__What you have to do__. With the pictures left out, write out exactly the lines of the listing below that run from the line with "Scout Jersey Pant - True Black" through the line with "Tisserand: Couleurs latines".

__Raw data__.
◆ ◆ ◆
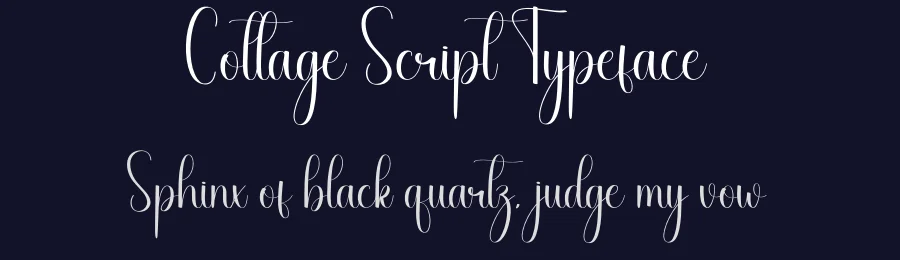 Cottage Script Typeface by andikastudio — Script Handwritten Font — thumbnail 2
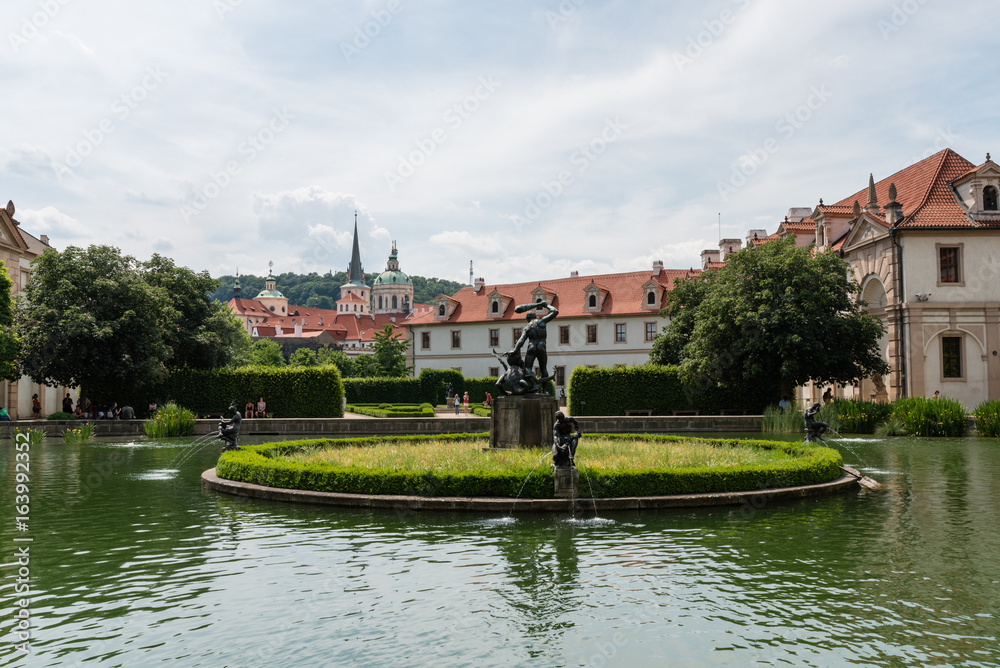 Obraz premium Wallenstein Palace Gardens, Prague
◆ ◆ ◆
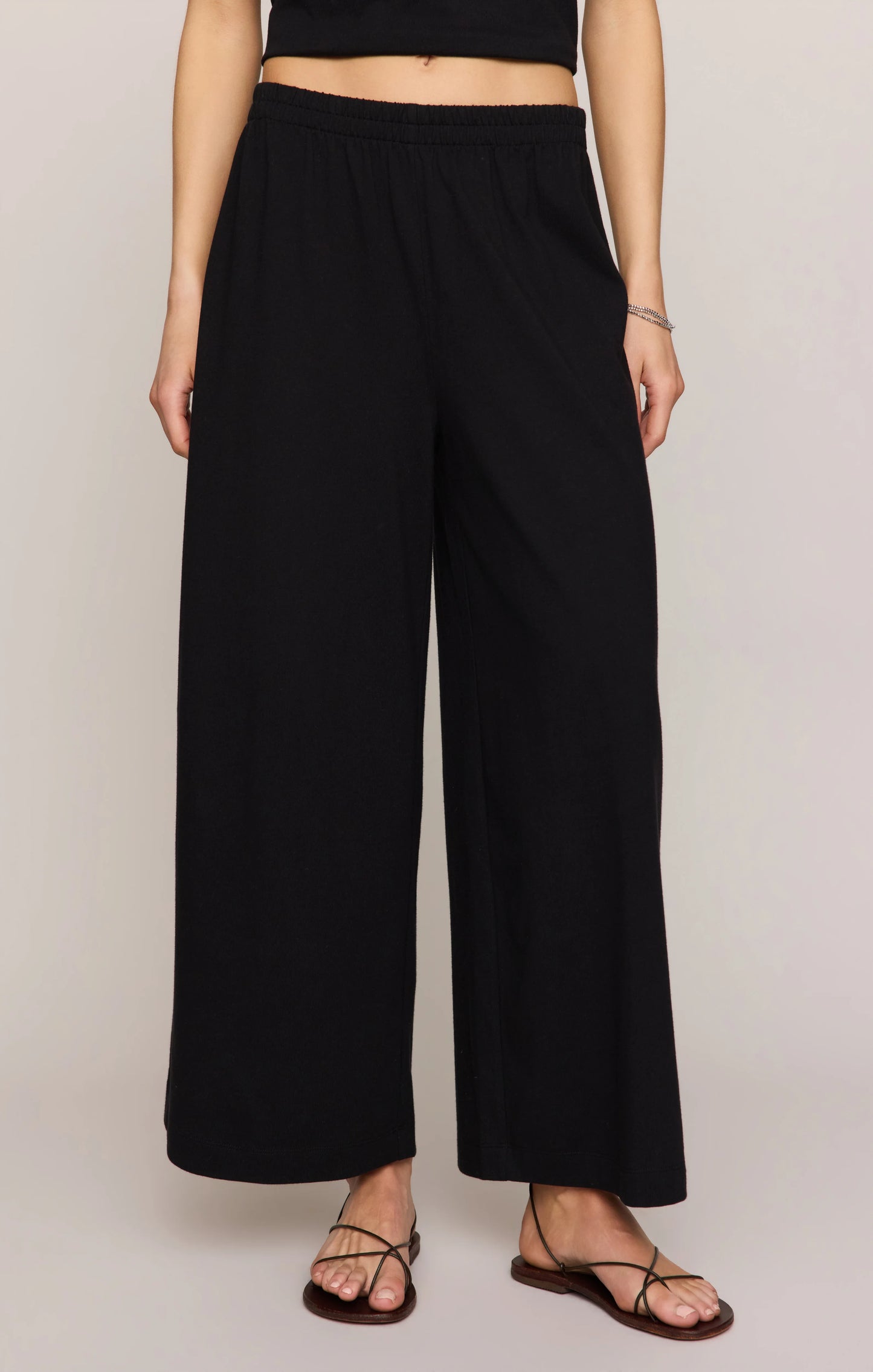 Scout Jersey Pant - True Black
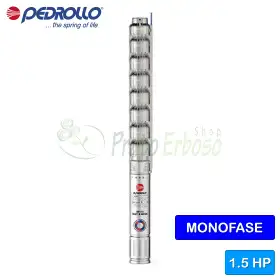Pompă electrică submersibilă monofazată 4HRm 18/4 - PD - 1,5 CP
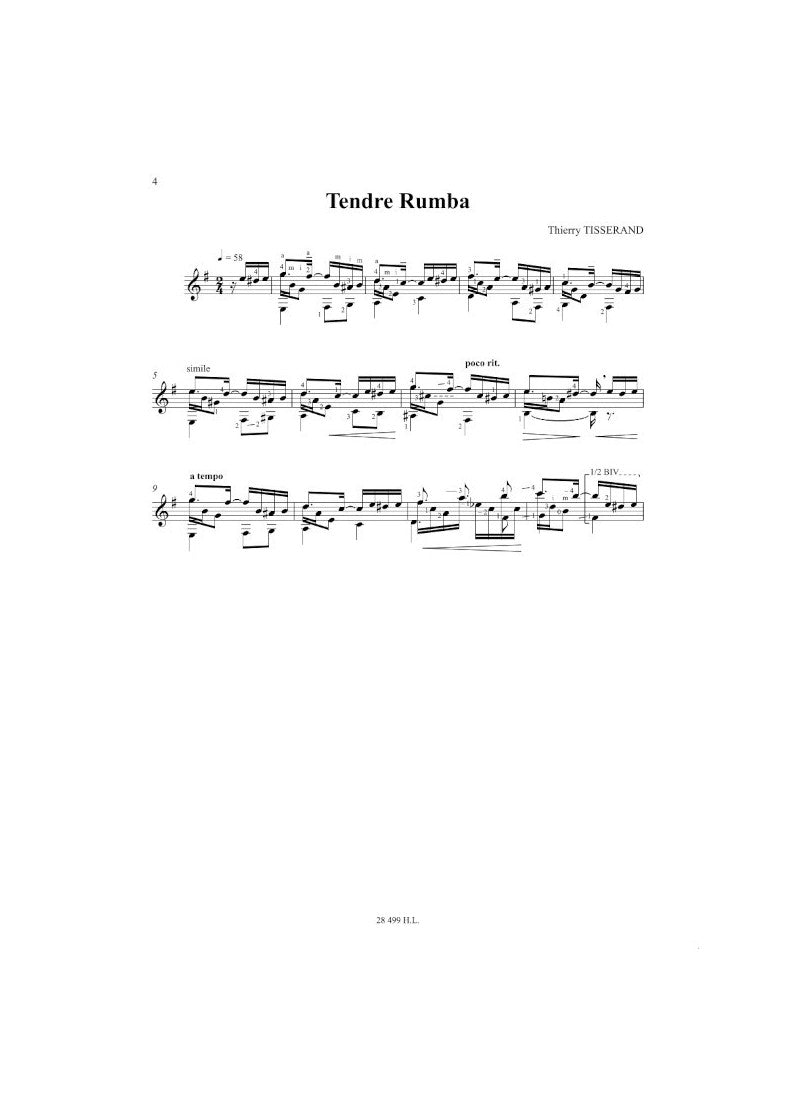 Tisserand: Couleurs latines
◆ ◆ ◆
__Solution to the exercise__.
 Scout Jersey Pant - True Black
Pompă electrică submersibilă monofazată 4HRm 18/4 - PD - 1,5 CP
 Tisserand: Couleurs latines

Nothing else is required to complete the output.